Metropolitan Opera, 12 mai
Cette mise en scène de Don Giovanni, coproduite avec l’Opéra National de Paris, marque les débuts, au Metropolitan Opera, d’Ivo van Hove. Ce que l’on voit ne diffère pas de ce que Michel Parouty avait décrit, lors de sa création, au Palais Garnier, en juin 2019 (voir O. M. n° 153 p. 64 de septembre), sinon par des touches d’humour davantage présentes, notamment chez la Donna Elvira d’Ana Maria Martinez, incarnée avec énormément de verve.
Le résultat final ne dissipe pas tous nos doutes, loin de là, mais il faut le reconnaître : on a toujours vu moins bien, dans la maison, depuis le retrait de la production de référence, signée Herbert Graf et Eugene Berman, qui a tenu l’affiche de 1957 à 1984.
L’un des intérêts majeurs du spectacle est, évidemment, les premiers pas de Nathalie Stutzmann dans la fosse du Met. Bien connue aux États-Unis dans l’univers symphonique (elle est directrice musicale de l’Atlanta Symphony Orchestra et cheffe principale invitée du Philadelphia Orchestra), la Française a parfaitement relevé le défi : direction claire, faisant constamment avancer la musique, avec des tempi serrés mais toujours pertinents, qui mettent en confiance les instrumentistes. Les nombreux applaudissements reçus du public, comme des chanteurs, sont la juste reconnaissance de l’une des meilleures baguettes entendues au Met, depuis le début de la saison 2022-2023.

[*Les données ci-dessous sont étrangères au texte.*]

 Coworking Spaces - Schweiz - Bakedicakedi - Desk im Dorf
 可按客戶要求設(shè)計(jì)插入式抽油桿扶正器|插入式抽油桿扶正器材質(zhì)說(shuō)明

Grand habitué de Don Giovanni dans la maison (trente-neuf représentations depuis 2003), Peter Mattei, à 58 ans, demeure un miracle de charme, de fraîcheur, de legato et de nuances. Le baryton suédois domine la soirée, aux côtés d’Ana Maria Martinez, Donna Elvira au timbre sombre et au phrasé remarquablement varié, qui se joue de tous les obstacles du rôle, du moins jusqu’au redoutable « Mi tradi » qui la met à l’épreuve, comme presque toutes ses consœurs.
D’abord Masetto, en 2015, Adam Plachetka est passé à Leporello, en 2019. Il connaît son affaire, mais reste un médiocre chanteur, dont l’émission brutale et engorgée déséquilibre chacune de ses interventions. Le Masetto d’Alfred Walker, attaché au Met depuis de longues années, paraît trop vieux auprès de sa jeune Zerlina, mais l’alchimie opère quand même. Ying Fang, il est vrai, avec sa voix de cristal, délivre un « Vedrai, carino » d’anthologie !
Comme en 2022, lors du transfert de la production à l’Opéra Bastille, Alexander Tsymbalyuk campe un Commandeur impressionnant de profondeur et d’autorité dramatique. Federica Lombardi et Ben Bliss, enfin, dans une forme vocale étincelante, forment un couple Donna Anna/Don Ottavio, dont l’intimité physique ressort avec beaucoup plus d’évidence que dans la plupart des mises en scène de l’ouvrage.